Flying Under the Radar

Flying Under the Radar

Business travelers need to maintain secure connectivity

With the high availability of today’s mobile network coverage and accessibility to public Wi-Fi hotspots, secure connectivity is often overlooked by traveling professionals. While enterprises and small businesses encourage employees to stay productive by working on the road, connecting to corporate networks while traveling substantially increases potential security risks including device theft, state-sponsored surveillance, or data interception from a man-in-the-middle attack while using a public Wi-Fi hotspot.

To counter this, companies need a mobile strategy that secures business communications on the device, in transit and when stored. IT departments also need to carefully consider public hotspot security to prevent breaches of sensitive corporate data. Threats from public hotspots can be dramatically reduced by using a personal firewall and a virtual private network (VPN). Additionally, digital containers can be used to protect data, like a virtual safe, and only release data once a secure connection is established to the company network.

Security Best Practices

Mobile device security is very often the hardest area for companies to control, especially in bring your own device (BYOD) environments where security is down to the choice of the individual device owners. Before traveling, employees should be instructed in security best-practices such as enabling two-factor authentication, remote wipe, keeping software up-to-date, staying away from unsecured Wi-Fi connections, disabling Bluetooth discovery mode, and encrypting corporate data. Employees should also avoid downloading apps from untrustworthy sources as many apps carry embedded malware and spyware that infringe privacy and share device data with unauthorized parties. When connecting to company networks, a secure VPN should always be used. A VPN automatically authenticates remote users whenever they connect with the company’s IT services. It creates a private tunnel between the user and the network shielding company confidential data from potential onlookers while using public Wi-Fi in malls, train stations and hotels during business trips. Allowing remote employees to send confidential company data privately, a VPN can encrypt web browsing activity and mask the IP addresses to prevent tracking and snooping.

Last year, analysts at Forrester published a report detailing how professionals can prevent cybertheft while traveling. In the “Best Practices for Minimizing Business Travel Risk” report, companies are advised to develop a three-stage check list for their traveling employees to help minimize security risks. Before departure, the Forrester report recommends enabling full encryption on all digital devices, deactivating USB ports, deploying VPN connectivity and installing management tools to allow devices to be wiped remotely should they be stolen.

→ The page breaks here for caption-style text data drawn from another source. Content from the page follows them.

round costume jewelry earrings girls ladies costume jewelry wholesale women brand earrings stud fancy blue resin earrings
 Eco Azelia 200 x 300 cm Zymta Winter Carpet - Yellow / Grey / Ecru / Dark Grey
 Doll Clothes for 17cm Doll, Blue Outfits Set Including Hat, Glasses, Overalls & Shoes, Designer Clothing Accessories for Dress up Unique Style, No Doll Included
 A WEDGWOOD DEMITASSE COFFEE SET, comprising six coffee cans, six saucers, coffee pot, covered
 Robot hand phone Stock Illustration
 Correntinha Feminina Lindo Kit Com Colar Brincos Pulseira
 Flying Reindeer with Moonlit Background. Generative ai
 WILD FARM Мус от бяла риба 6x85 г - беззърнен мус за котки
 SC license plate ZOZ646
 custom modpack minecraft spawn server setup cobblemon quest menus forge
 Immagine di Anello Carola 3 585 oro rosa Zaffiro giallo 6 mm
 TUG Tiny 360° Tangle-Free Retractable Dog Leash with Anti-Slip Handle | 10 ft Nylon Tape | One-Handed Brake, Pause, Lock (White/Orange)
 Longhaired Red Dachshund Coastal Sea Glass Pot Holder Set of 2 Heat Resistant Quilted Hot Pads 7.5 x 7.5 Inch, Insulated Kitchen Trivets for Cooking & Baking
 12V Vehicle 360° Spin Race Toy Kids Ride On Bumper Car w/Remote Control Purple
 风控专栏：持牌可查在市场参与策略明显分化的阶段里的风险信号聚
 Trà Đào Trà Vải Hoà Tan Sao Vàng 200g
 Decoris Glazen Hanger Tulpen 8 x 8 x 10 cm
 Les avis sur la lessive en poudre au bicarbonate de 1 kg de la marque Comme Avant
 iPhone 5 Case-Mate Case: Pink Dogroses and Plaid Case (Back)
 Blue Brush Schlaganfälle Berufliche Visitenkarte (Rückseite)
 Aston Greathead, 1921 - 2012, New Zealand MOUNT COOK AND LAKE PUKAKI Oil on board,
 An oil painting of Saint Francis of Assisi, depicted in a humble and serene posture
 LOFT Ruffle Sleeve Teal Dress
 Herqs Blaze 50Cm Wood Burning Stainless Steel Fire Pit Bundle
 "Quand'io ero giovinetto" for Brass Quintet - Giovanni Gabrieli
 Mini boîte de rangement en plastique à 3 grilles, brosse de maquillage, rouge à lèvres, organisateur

IT professionals are also given tips that employees should follow during the trip. This includes briefing them on any local or border customs and to always to be on the lookout for suspicious behavior. Finally, Forrester counsels on steps to complete when a trip is over such as drawing up and ticking off a post-trip checklist, holding a de-brief meeting with the employee (even if nothing went wrong) and making sure company policies are up to date.

End-to-End Encryption

Certain industries have always been heavily regulated. Healthcare, retail, legal and financial organizations, for example, have to comply with regular checks to prove the privacy of the customer data handled has not been put at risk. The most popular way for these organizations to privately share sensitive data is to use end-to-end encryption (E2EE). E2EE protects data in transit by encrypting it to make the content unintelligible.

Therefore, only the sender and the legitimate recipient of the message possess the unique keys to unlock the information. Even if a third-party were able to eavesdrop on the network communication, the information itself would be indecipherable.

The introduction of new compliance standards, like General Data Protection Regulation (GDPR) in Europe, is driving the need for businesses of all industries and sizes to embrace E2EE for their communications. It’s an approach that ensures mobile communications stays private and dramatically reduces the risk of a data breach.

Advanced Authentication

One of the strongest mobile device authentication technologies available today is biometric mobile authentication. As biometric authentication methods and technologies are based on a physical characteristic of the user, they are extremely difficult for an attacker to copy. Forms of biometric authentication include fingerprint authentication, voice recognition, facial recognition and retinal scanning. Companies should advise employees to implement biometric authentication on each and every device that will access the corporate network as it provides an extra layer of protection and prevents unauthorized users from using devices.

Businesses are adjusting their security posture to bring it into line with the modern way of working. It’s no longer a question of managing employee access based on where they sit, it’s more important these days to be able to authenticate them automatically based on the device and the software they are using.

While connecting digital devices to corporate networks during business trips has become an accepted part of everyday working life, the number of ways in which sensitive company information could be lost or stolen while traveling is growing. The most secure path is to provide employees with a company-managed professional remote access VPN that automatically encrypts data communications and shields web browsing activity and IP information from hackers.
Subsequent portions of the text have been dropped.